I got into an argument, well more of a conversation about Tesla this weekend. I walked into the conversation hearing this "yeah, but they've never made a profit, and I think they are going to take a lot of people down with them."

I like profits. Having been a part of 2 venture backed company, and having raised money for high stakes, high growth companies, I've generally soured on the venture funding model. My point of view is that with venture, you lose too much control and have to make a tradeoff of "growth" (users, customers, eyeballs) for sustainability (ie my company can "make a profit" at the scale we are at).

For the vast majority of businesses, sustainable growth makes sense, fueled by reinvested profits and thoughtful external capital sources. VC makes sense in only about 2% of business cases - and it happens to be perfect for people trying to change the world.

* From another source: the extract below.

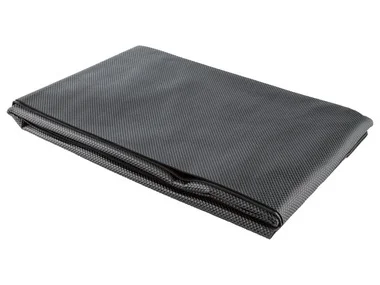 ULTIMATE SPEED® Antislip- en vuilvangmat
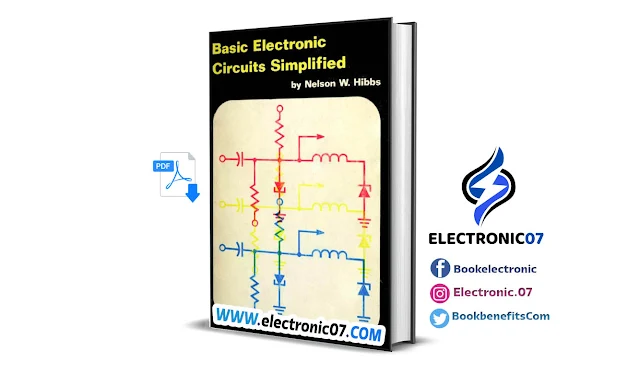 Basic Electronic Circuits Simplified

The points I wanted to make in the conversation are that:

1. When profits start to flow is somewhat controllable, meaning companies can cut certain growth investments to show profits. However, this is not always in the best interests of creating value. I'm not certain Tesla is at this point, but all you have to do is look to other high growth companies that have decided when they will make the change to profitability through less reinvestment (FB, AMZN, AAPL, GOOG, Uber).

2. Profits are not the only societal value that gets created. Tesla has created 45,000 jobs! We now have serious performance electric vehicles that non one profitable (semi-profitable, unprofitable) auto manufacturer has done. Yes they are expensive, but they are on the downward sloping technology cost curve (especially once a scale is reached that further drives down manufacturing cost). The idea that all vehicles could become electric in the future has been proven. Even if Tesla fails miserably, the investments will have been worth it.

3. Building a new company is high stakes, and risky. Musk knows this and doesn't try to hide it. He is certain he is working on the right problems, but he is very transparent about the overall risks. I think the people that work for him understand the risks, but have coalesced around a shared mission of doing something big and important. This is hard to understand if you haven't ventured out on your own (not saying the person I was talking to hasn't - I'm not sure what he does for a living).

4. Musk puts his money where his mouth is. Incentives and alignment matter. Too many people try to take zero personal risk while gambling with other people's money (Wall Street, executives that come in to "grow" established businesses). I've learned to avoid people who have a "skin in the game" problem, and to back people who are extraordinarily invested and at personal risk. Musk has put virtually his entire net worth from Paypal on the line into both Tesla and SpaceX. He's lived on friends couches during the almost collapse of both companies. No one has put more of their net worth on the line for their companies.

I've backed companies where founders are first money in, last money out. I've had some successes and some failures, but at the end of the day we are always in it together, operating from the same place, under the same incentives toward a common goal. Musk might fail, but I'll go down with a true, invested believer any day of the week.